= List of storms named Gading =

The name Gading was used for nine tropical cyclones in the Philippines by PAGASA (and its predecessor, the Philippine Weather Bureau) in the Western Pacific Ocean.

- Tropical Storm Lola (1966) (T6605, 05W, Gading) – struck the Philippines and southern China as a relatively strong tropical storm.
- Tropical Depression 07W (1970) (07W, Gading) – a system that was considered by JMA as a tropical depression and by JTWC as a tropical storm; hit Taiwan and southeastern China.
- Tropical Storm Harriet (1974) (T7409, 10W, Gading) – a tropical storm which did not affect land.
- Tropical Depression Gading (1978) – a minimal tropical depression which affected Taiwan.
- Tropical Depression Gading (1982) – another short-lived tropical depression that was only tracked by PAGASA.
- Typhoon Peggy (1986) (T8607, 07W, Gading) – the strongest tropical cyclone in 1986 and one of the most intense typhoons recorded; struck the Philippines and China causing widespread destruction, killing 422.
- Typhoon Yancy (1990) (T9012, 13W, Gading) – relatively strong typhoon which made landfall the Philippines, Taiwan and mainland China, claiming at least 284 lives.

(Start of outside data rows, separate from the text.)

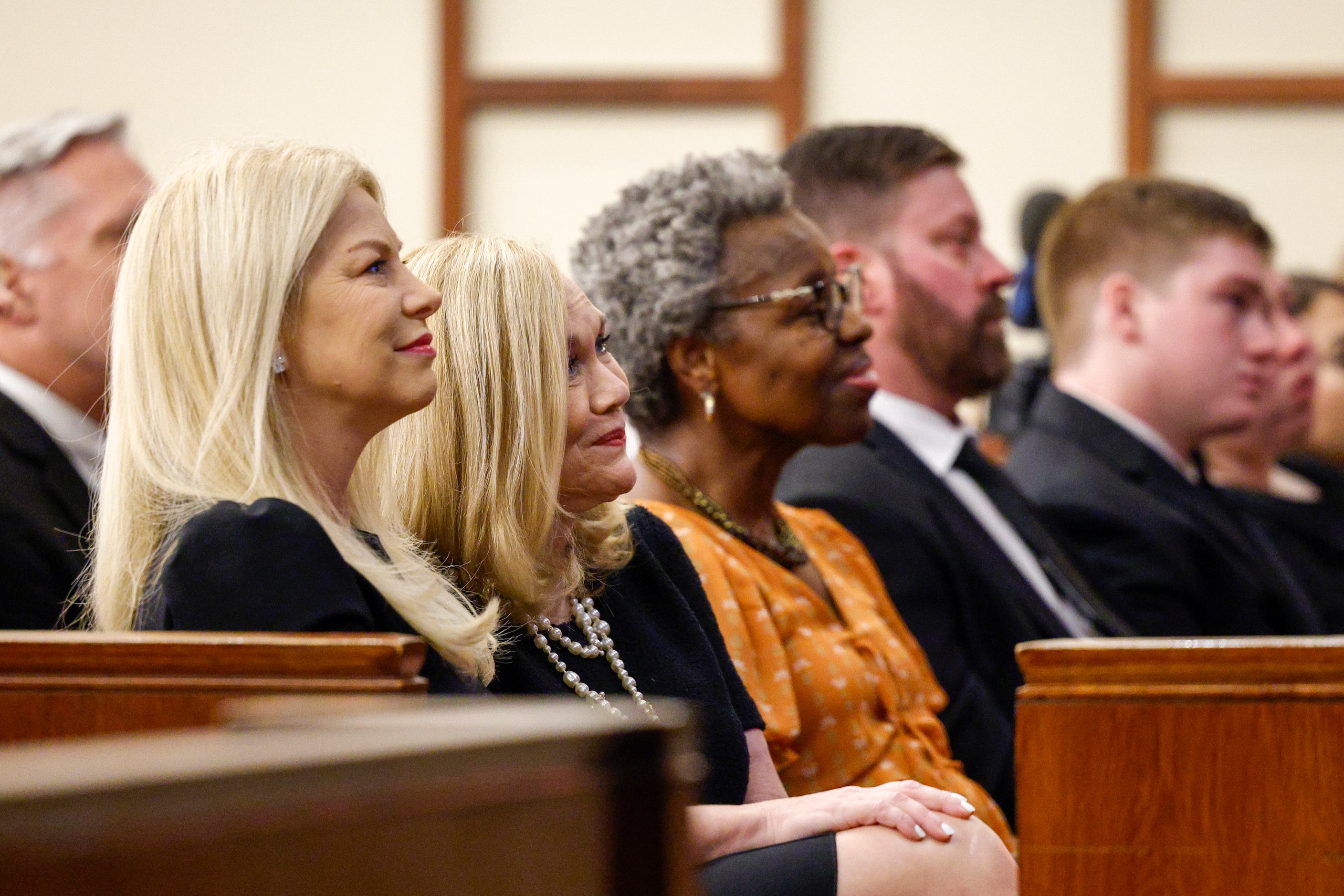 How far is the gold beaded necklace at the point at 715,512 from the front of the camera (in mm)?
2129

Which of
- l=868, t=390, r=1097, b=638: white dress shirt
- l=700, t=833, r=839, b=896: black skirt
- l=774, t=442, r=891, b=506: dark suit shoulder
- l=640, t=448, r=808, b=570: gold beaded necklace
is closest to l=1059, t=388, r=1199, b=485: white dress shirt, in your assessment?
l=868, t=390, r=1097, b=638: white dress shirt

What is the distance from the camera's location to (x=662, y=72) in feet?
19.7

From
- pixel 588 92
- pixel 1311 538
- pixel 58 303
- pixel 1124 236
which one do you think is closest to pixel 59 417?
pixel 58 303

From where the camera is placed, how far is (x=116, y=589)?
1482 millimetres

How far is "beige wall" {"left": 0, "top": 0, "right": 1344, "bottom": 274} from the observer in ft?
19.5

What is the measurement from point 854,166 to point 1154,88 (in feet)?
10.8

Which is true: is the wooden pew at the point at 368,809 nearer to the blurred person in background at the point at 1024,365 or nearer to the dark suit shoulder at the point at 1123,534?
the dark suit shoulder at the point at 1123,534

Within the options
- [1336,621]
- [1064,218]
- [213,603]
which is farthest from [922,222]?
[213,603]

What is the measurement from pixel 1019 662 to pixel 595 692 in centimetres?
39

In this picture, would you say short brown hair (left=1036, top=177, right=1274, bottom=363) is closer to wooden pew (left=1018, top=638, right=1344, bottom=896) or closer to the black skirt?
wooden pew (left=1018, top=638, right=1344, bottom=896)

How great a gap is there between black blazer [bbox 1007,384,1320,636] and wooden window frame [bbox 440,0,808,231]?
8.89 feet

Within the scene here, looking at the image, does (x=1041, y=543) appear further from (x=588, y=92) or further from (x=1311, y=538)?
(x=588, y=92)

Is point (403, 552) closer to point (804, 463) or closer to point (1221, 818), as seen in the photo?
point (1221, 818)

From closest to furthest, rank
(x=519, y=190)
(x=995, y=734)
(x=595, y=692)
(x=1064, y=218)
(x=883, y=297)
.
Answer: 1. (x=595, y=692)
2. (x=995, y=734)
3. (x=883, y=297)
4. (x=1064, y=218)
5. (x=519, y=190) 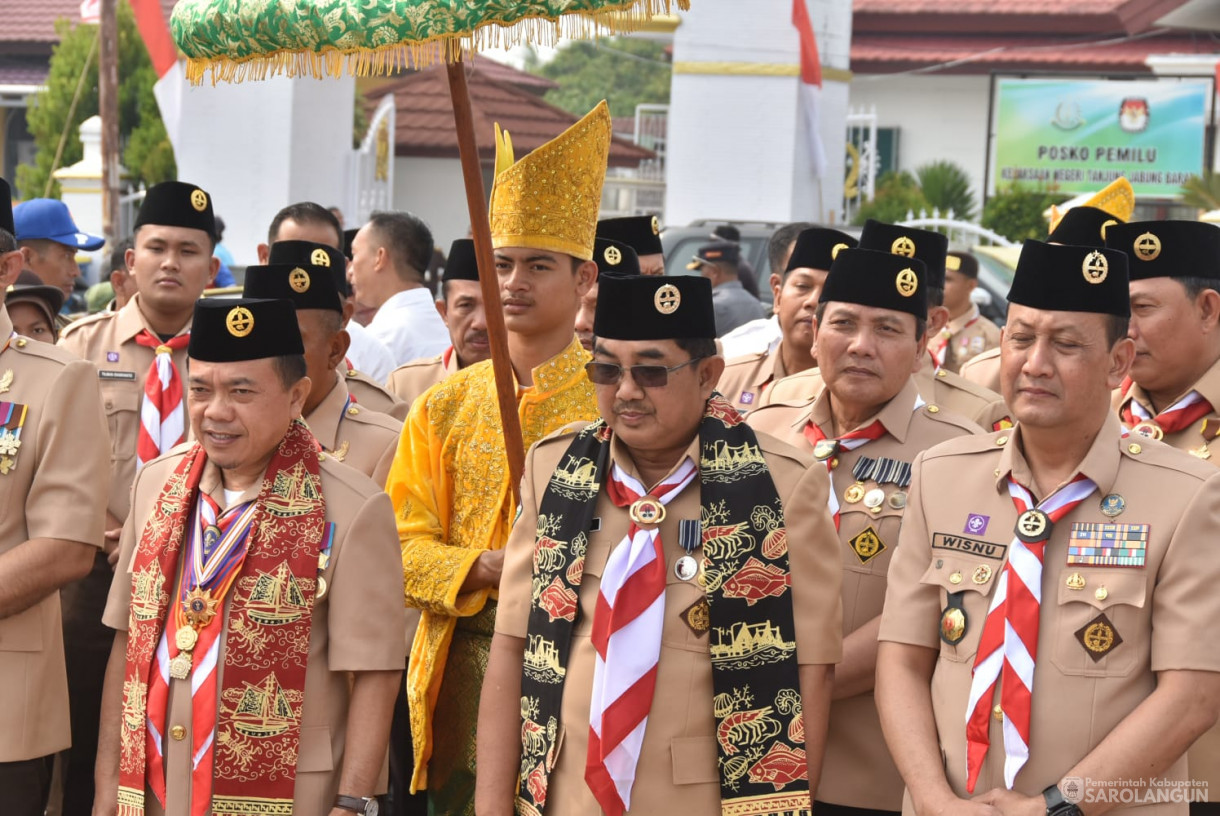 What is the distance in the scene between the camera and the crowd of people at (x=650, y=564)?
325cm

- Tropical Storm Sharon (1994) (T9404, 06W, Gading) – a tropical storm that produced flooding in the Philippines and China together with Severe Tropical Storm Russ, causing at least 13 fatalities but reportedly killing as many as 1,400 people.
- Typhoon Vicki (1998) (T9807, 11W, Gading) – a fairly strong typhoon which had a northeastward track and struck the Philippines and Japan, killing a total of 108 people, mostly from the capsizing of the MV Princess of the Orient.